Authorities struggle to reopen roads across the snowy South and Midwest

Authorities struggled to remove abandoned cars and reopen still-slick highways across the nation's midsection Friday after a record snowfall buried the region and stranded holiday travelers and shoppers.

Friday, December 24th 2004, 3:46 pm

By: News On 6


Authorities struggled to remove abandoned cars and reopen still-slick highways across the nation's midsection Friday after a record snowfall buried the region and stranded holiday travelers and shoppers.

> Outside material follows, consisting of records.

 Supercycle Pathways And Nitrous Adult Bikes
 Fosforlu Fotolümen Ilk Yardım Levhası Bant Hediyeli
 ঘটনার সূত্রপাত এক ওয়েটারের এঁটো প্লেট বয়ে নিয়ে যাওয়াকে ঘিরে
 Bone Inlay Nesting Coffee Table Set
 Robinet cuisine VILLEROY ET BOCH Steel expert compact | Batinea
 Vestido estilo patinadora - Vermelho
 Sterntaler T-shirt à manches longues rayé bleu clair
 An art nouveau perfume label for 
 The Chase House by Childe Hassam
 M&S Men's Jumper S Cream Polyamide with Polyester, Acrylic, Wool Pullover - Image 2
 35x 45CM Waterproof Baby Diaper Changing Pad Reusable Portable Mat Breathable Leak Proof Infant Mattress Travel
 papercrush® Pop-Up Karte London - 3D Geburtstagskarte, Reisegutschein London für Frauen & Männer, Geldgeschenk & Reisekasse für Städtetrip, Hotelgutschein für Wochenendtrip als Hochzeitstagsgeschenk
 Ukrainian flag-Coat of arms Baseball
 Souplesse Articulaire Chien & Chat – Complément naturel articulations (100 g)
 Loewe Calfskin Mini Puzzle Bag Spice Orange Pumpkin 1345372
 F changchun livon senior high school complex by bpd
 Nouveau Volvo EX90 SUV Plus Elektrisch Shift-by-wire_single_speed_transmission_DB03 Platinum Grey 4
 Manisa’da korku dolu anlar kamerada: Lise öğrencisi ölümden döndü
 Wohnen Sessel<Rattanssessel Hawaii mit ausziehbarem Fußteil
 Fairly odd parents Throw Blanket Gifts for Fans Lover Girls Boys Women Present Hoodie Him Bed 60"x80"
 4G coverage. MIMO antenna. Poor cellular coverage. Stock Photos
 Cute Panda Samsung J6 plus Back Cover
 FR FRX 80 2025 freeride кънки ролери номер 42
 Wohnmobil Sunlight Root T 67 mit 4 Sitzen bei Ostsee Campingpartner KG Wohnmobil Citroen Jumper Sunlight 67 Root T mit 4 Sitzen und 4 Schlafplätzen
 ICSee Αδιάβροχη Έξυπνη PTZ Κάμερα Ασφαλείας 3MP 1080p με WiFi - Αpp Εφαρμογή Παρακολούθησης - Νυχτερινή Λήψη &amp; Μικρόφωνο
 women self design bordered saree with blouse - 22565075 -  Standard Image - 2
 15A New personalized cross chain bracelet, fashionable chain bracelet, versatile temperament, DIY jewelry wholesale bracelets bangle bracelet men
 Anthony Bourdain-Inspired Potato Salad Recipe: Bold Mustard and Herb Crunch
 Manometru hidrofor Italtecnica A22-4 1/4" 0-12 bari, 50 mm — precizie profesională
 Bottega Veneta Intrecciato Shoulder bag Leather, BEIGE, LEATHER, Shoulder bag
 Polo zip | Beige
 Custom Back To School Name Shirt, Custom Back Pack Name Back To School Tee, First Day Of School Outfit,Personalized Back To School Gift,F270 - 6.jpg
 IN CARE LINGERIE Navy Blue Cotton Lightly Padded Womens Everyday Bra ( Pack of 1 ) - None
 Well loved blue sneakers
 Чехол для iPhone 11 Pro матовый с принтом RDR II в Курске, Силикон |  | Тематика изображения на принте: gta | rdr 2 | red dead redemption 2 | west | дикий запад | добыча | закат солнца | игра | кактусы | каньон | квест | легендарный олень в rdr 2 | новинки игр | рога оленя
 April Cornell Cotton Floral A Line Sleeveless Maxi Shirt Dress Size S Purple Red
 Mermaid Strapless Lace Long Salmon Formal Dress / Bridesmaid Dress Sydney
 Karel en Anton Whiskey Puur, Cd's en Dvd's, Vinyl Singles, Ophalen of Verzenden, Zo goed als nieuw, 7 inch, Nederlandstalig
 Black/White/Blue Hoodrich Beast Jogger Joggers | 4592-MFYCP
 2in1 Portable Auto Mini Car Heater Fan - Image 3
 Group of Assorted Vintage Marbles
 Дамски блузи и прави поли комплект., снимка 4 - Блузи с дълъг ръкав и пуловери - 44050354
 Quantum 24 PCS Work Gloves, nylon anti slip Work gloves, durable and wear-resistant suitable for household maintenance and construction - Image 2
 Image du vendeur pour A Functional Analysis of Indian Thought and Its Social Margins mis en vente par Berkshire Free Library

Kentucky highways remained hazardous, with temperatures dipping below freezing in many areas, and biting winds creating 5-foot snowdrifts.

``They're about half-scared to drive fast today,'' state Trooper Barry Meadows said.

A portion of Interstate 64 in Indiana reopened, a day after more than 100 stranded travelers were rescued from their snowbound vehicles. But the road was still treacherous because of hundreds of abandoned vehicles along a 25-mile stretch near the Illinois line.

Some Indiana churches canceled Christmas services to keep people off the road after much of the state was buried in up to 2 feet of snow.

``We were not asking parishioners to be out when police say to stay in,'' said the Rev. Dave Ferry, pastor of Englewood Baptist Church in Bedford, Ind.

I-40 reopened in parts of Arkansas, where stranded travelers awoke in shelters.

With frigid temperatures forecast for Ohio on Saturday, some 275,000 homes and businesses _ about a half of them in Columbus _ were without power, and ice-covered tree branches kept falling onto power lines.

Wind chill readings below zero did not freeze out the live Nativity scene in Normal, Ill., but Monsignor Eric Powell of Epiphany Catholic Church said the role of Jesus was played by a doll instead of a baby.

``That we wouldn't want to risk,'' Powell said.

In Chicago, where the temperature was not expected to break 6 degrees and the wind chill was well below zero, sales clerks outnumbered shoppers in Chicago's Marshall Field's flagship store on Friday morning.

Shopper Mary Ann Holland, 57, of Chicago was thrilled to see no lines. ``I always come early on Christmas Eve,'' she said.

The Westfield Shoppingtown Southpark mall in suburban Cleveland decided to stay open three hours later on Christmas Eve, until 9 p.m., to make up for sluggish shopping during the sloppy storm.

``The weather has put a dent in it and they want to recoup some of it,'' said Tom Ford, who runs a kiosk that sells sports team gear.